Seth Herd comments on If we solve alignment, do we die anyway?

Seth Herd 25 Aug 2024 0:19 UTC
6 points
2
I actually completely agree with this call to action.
Unfortunately, I suspect that it’s impossible to make value alignment easier than personal intent alignment. I can’t think of a technical alignment approach that couldn’t be used both ways equally well. And worse than that, I think that intent aligned AGI is easier than value aligned AGI for reasons I outline in that post, and Max Harms has elaborated in much more detail in Corrigibility as Singular Target sequence (as well as Paul Christiano and many others’ arguments.

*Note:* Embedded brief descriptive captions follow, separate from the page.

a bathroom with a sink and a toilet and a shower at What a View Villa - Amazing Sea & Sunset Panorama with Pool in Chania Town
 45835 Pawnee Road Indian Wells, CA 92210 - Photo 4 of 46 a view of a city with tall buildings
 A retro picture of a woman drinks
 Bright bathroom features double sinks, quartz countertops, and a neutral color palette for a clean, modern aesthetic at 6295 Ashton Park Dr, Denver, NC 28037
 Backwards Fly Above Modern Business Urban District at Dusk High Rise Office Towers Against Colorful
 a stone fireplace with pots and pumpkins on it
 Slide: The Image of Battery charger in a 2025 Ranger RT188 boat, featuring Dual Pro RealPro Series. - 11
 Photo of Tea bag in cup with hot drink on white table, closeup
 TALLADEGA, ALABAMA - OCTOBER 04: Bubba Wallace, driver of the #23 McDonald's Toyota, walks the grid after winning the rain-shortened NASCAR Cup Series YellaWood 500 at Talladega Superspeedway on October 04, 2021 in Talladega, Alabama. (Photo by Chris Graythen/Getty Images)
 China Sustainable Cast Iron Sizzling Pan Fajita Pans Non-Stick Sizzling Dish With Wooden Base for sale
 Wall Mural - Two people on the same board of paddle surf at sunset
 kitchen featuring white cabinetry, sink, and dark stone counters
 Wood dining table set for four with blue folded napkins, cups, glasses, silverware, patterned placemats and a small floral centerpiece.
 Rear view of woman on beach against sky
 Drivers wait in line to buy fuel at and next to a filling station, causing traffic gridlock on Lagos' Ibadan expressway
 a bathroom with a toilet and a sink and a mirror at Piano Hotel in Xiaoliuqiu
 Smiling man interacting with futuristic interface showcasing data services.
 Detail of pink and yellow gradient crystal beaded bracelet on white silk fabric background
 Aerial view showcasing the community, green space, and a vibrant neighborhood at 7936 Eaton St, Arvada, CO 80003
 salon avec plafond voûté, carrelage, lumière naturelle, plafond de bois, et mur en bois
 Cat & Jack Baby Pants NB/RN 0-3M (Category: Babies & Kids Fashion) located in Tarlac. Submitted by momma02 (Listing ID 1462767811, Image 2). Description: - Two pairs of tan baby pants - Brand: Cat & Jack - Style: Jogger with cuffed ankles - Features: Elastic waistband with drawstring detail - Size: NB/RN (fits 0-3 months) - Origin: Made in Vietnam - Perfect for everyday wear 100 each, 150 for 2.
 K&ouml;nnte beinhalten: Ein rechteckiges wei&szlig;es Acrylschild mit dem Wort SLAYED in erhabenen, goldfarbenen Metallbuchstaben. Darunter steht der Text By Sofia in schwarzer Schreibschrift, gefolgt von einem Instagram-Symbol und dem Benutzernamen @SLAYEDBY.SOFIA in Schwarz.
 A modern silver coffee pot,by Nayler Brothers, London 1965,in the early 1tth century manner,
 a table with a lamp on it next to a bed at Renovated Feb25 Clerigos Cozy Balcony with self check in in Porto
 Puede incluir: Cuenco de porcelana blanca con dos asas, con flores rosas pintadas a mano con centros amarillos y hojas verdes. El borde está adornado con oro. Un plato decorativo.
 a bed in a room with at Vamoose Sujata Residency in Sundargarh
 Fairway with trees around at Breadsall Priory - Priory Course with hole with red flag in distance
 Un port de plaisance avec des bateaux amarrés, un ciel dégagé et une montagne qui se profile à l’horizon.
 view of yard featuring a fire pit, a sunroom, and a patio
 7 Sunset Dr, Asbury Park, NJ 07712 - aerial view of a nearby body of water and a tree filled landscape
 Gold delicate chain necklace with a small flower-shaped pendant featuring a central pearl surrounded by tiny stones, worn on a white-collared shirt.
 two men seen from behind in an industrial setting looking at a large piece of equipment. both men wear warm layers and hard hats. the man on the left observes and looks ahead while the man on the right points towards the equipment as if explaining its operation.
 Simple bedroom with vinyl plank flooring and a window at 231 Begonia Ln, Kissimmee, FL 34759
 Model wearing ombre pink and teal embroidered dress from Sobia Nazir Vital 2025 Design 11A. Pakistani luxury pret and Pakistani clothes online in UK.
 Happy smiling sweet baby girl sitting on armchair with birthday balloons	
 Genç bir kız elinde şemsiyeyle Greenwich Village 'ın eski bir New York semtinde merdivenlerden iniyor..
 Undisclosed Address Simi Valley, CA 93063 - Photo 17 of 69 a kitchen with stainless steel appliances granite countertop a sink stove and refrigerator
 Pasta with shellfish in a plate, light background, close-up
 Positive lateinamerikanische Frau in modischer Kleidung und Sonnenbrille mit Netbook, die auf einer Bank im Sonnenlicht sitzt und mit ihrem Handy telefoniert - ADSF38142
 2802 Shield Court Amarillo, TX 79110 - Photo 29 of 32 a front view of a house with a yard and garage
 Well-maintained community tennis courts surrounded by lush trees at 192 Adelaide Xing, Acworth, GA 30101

But I still agree with your call to action: we should be working now to make value alignment as safe as possible. That requires deciding what we align to. The concept of humanity is not well-defined in the future, when upgrades and digital copies of human minds become possible. Roger Dearnaley’s sequence AI, alignment, and ethics lays out these problems and more; for instance, if we stick to baseline humans, the future will be largely controlled by whatever values are held by the most humans, in a competition for memes and reproduction. So there’s conceptual as well as technical/mind-design work to be done on technical alignment.
And that work should be done. In multipolar scenarios with, someone may well decide to “launch” their AGI to be autonomous with value alignment, out of magnanimity or desperation. We’d better make their odds of success as high as we can manage.
I don’t think refusing to work on intent alignment is a helpful option. It will likely be tried, with or without our help. Following instructions is the most obvious alignment target for any agent that’s even approaching autonomy and therefore usefulness. Thinking about how to make those attempts successful will also increase our odds of surviving the first competent autonomous AGIs.
WRT definitions: alignment doesn’t specify alignment with whom. I think this ambiguity is causing important confusions in the field.
I was trying to draw a distinction between two importantly different alignment goals, which I’m terming personal intent alignment and value alignment until better terminology comes along. More on that in an upcoming post.
If you did have an AGI that follows instructions and you told it “do the right thing”, you’d have to specify right for who.
And during the critical risk period, that AGI wouldn’t know for sure what the right thing was. We don’t expect godlike intelligence right out of the gate. It won’t know whether a risky takeover/pivotal act is the right move. If the situation is multipolar, it won’t know even as it becomes truly superintelligent, because it will have to guess at the plans, technologies, and capabilities of other superintelligent AGI.
My call to action is this: help me understand and make or break the argument that a multipolar scenario is very bad, so that the people in charge of the first really successful AGI project know the stakes when they make their calls.